The August 31 verdict of the Juvenile Justice Board (JJB) in the Delhi gang rape case, handing down a bare three-year custodial sentence to the juvenile member, has generated a fresh round of debate on the legality and desirability of juvenile justice itself: why should juveniles above 16 indulging in violent crimes not be treated as adult criminals? Why should juveniles who are privy to a heinous crime not be given the same punishment as others? Why should our juvenile justice law not follow the 1990s American society’s ‘get tough with violent juveniles’ approach? The debate has spilled over to visual and print media (Aparna Viswanathan’s article inThe Hindu , September 9, 2013, and scores of letters to the editor) as well as the pending Special Leave Petition in the Supreme Court ( Dr. Subramanian Swamy Vs. Raju , Member, JJB).

The American model

Our juvenile justice makes no distinction between the age group or the violent or non-violent criminality of the juveniles just like American society till the end of the 1980s, when the U.S. Supreme Court, in Stanford v. Kentucky (192 U.S.361 at 395-96 (1989)), strongly endorsed the observation of the Task Force on Sentencing Policy Towards Young Offenders thus: “Youth crime … is not exclusively the offender’s fault; offences by the young represent a failure of family, school and social system, which share responsibility for the development of America’s youth.”

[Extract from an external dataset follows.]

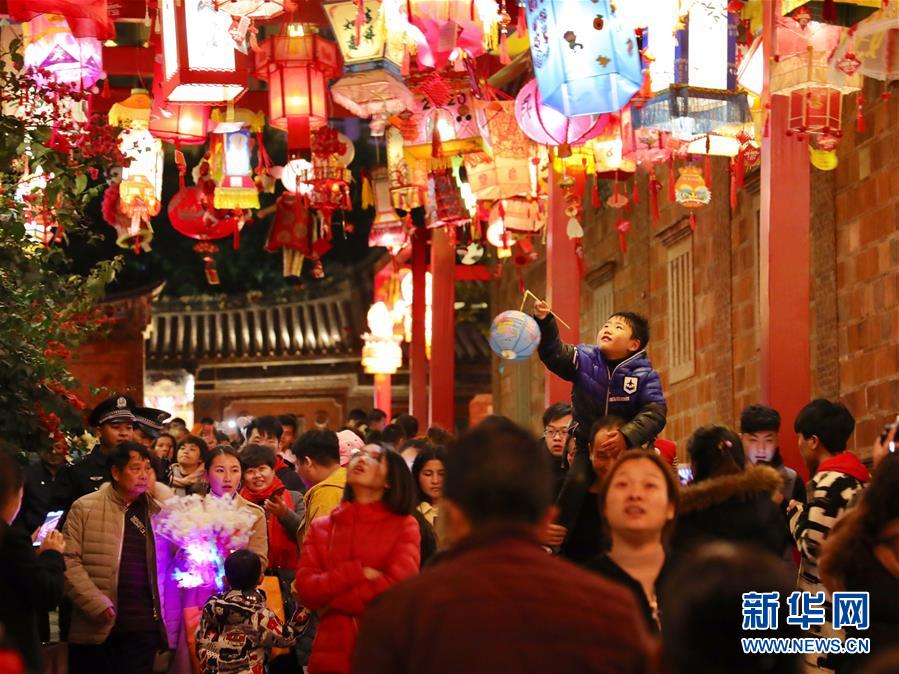 【焦點圖】【泉州】【移動版】【Chinanews帶圖】福建晉江：亮花燈 迎元宵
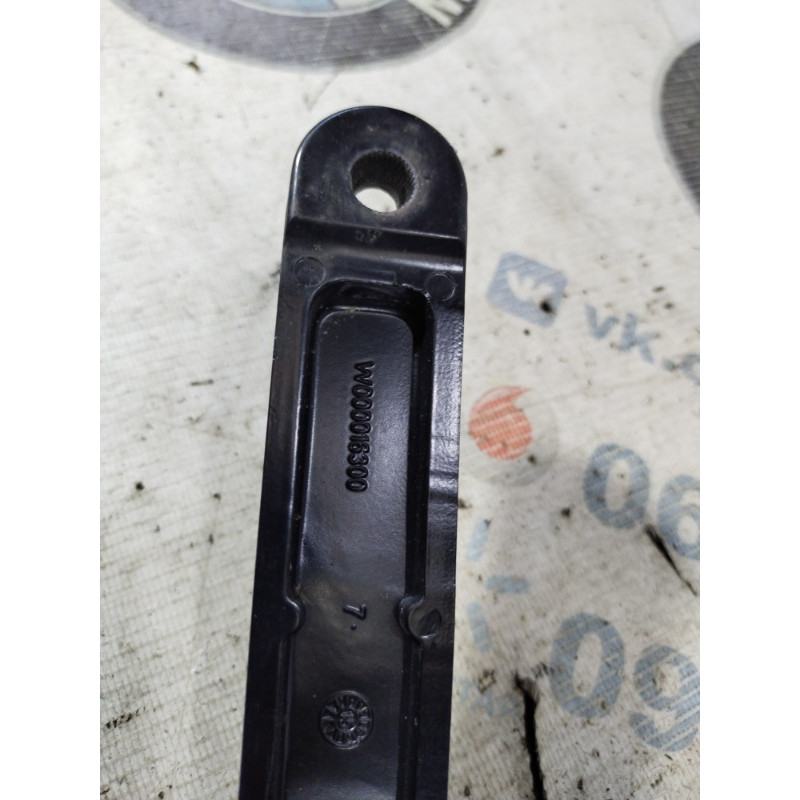 Поводок дворника (кузов и элементы) Volkswagen Passat B8 2016 1.8 561955409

However, in the U.S., things changed dramatically as the 1990s witnessed a shift towards retributive juvenile justice policy. Such a shift was the outcome of a massive rise in the incidence of juvenile offences (the rate of juvenile offending in the U.S. was almost half the total crime rate) as well as extraordinary violence and brutality of juvenile crimes. A substantially large percentage of juvenile crimes related to offences involving confrontation with victims (homicides, forcible rapes, aggravated assaults and robbery) and narcotic crimes. As a strong response, Congress felt compelled to resort to a “get tough” approach, leading to the amendment of the Federal and State juvenile justice laws by introducing transfer proceedings before the court in all cases where a juvenile above 15 years was involved in a violent crime or narcotics crime. The continued spiral of violent juvenile criminality evidenced in several school shooting cases involving juveniles less than 15 years led Congress to further tighten the re-criminalisation noose by leaving transfer or waiver to prosecutorial discretion without due process safeguards for many new kinds of delinquencies, and reducing the juvenile age limit to 14 or 12 years. In many States, the age limit was waived altogether. However, in recent times, under the influence of brain science research, the re-criminalisation trend appears to be abating, as evidenced by the U.S. Supreme Court ruling in Roper v Simmons (2005), which abolished the juvenile death penalty and later in a 2010 ruling in Graham v Florida , which prohibited sentencing juveniles of crimes other than homicide to life without parole.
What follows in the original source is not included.